This week’s addict was found thanks to a tip from last week’s addict, June. John Dickerson wrote a piece on Slate that I think many of us will identify with, about our impulses to capture the moments of our lives, whether it be in paper notebooks or in smartphone snapshots. The article was accompanied by this lovely photo of some of the author’s notebooks:
It’s hard to see exactly what kind of notebooks the black ones on the bottom are, but they remind me of some that I have from many years ago, which I think you can still buy. I think mine were made by Boorum & Pease, though I’m not finding anything that looks like them online at the moment, and I don’t seem to have ever put any photos of mine on this site. This has inspired me to dig them out as a topic for a future post!

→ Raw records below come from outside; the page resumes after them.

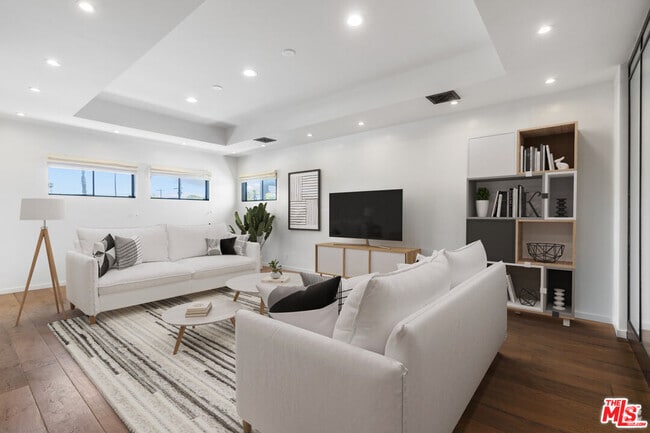 Building Photo - 2016 Lincoln Blvd Rental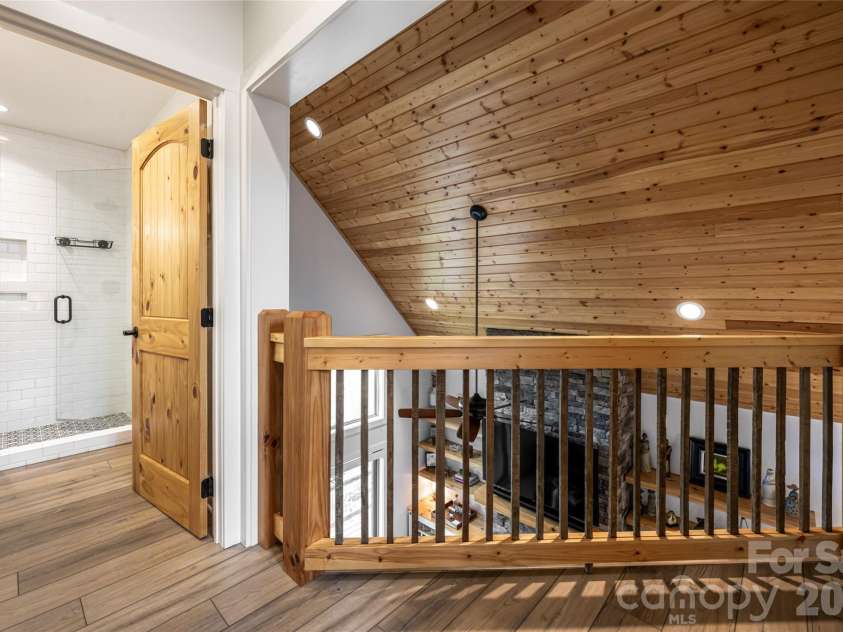 366 Signature Row Boulevard, Waynesville, NC 28785.  MLS# CAR4373679, YatesRealty ID 16440. Loft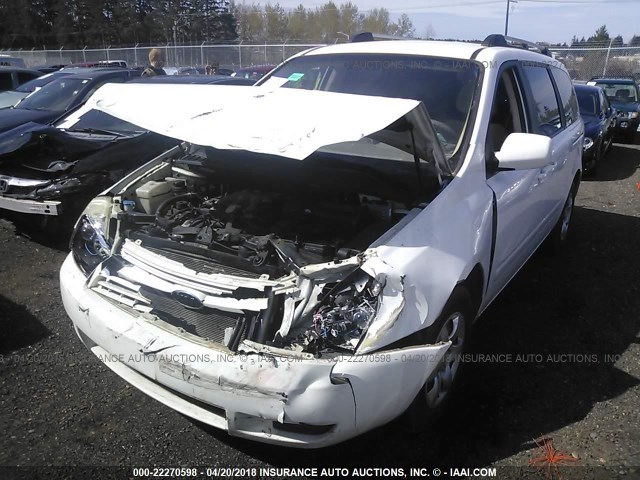 KNDMB233186226182 - 2008 KIA SEDONA EX/LX WHITE photo 2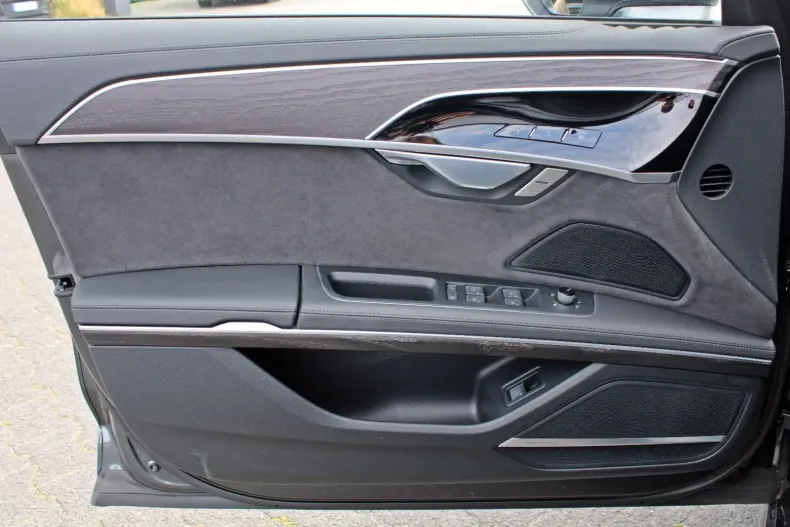 Audi A8 din 2024 cu 41.998 km - oferta AUD105937 - foto 5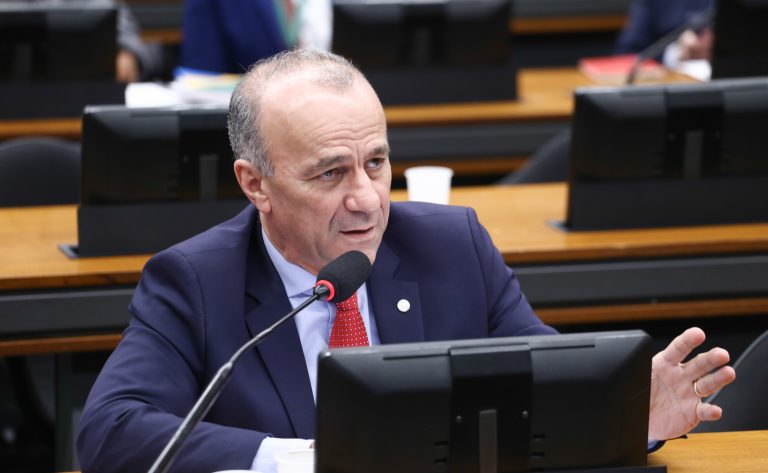 Projeto proíbe menores de 18 anos de serem sócios de empresas – Notícias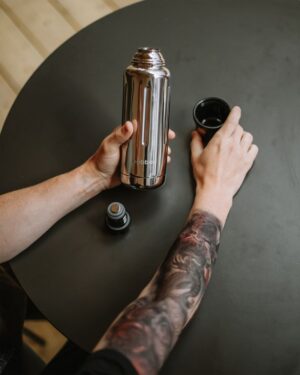 Термос Flask 470, вакуумный, стальной зеркальный — изображение 9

Some quotes from John’s article:
“We’re told that we spend too much time recording moments instead of living in them. That’s a false choice.
Some of my favorite memories and best ideas from last year are gone. I wrote them in a notebook I carried in my back pocket, and a few months ago, I left the notebook on a plane. Observations about my kids, story ideas, and thoughts about the world around me were lost. I replaced the notebook, and then last week, left the replacement notebook on a plane. This should win me some sort of prize….
“I have developed emergency relationships with the lost-and-found departments at Delta and United airlines, but you know how that story ends. You can find vintage sandwiches in the seat-back pouches of a plane, but if you leave a leather-bound notebook about the size of a 3-by-5 card behind, they’ll throw it in the engine and clam up before you get out of the airport. They have special drills for this, I think.
I have carried a notebook in my back pocket for the last 23 years, five months, and 11 days. I can be precise because I still have the first one and 20 others like it on a shelf in my office. They contain thousands of little passages, some only a sentence, from coffee shops and northbound trains and campaign buses. I’ve transcribed overheard conversations (“Shy sales people have skinny kids”), I’ve sketched characters for a novel (“he had the face of a dissipated potato”), and I’ve collected facts, words, and quotes from my travels and reading (“Democracy is the theory that the common people know what they want, and deserve to get it good and hard”)….
When you pause to write about something—even if it’s for Twitter or Facebook—you are engaging with it. Something within you is inspired and, at the very least, you’ve got to pick the words and context to convey meaning for your private recollection or, if you make it public, for the larger world.
In “Why I Write,” Joan Didion explains, “I write entirely to find out what I’m thinking, what I’m looking at, what I see and what it means.” Hey, we’re all little Joan Didions! Well, not exactly, but if my theory sounds grandiose, go back to look at things you wrote a few years ago, if you can. When I look at the notes I’ve stopped to write in those books, entire worlds come back at me.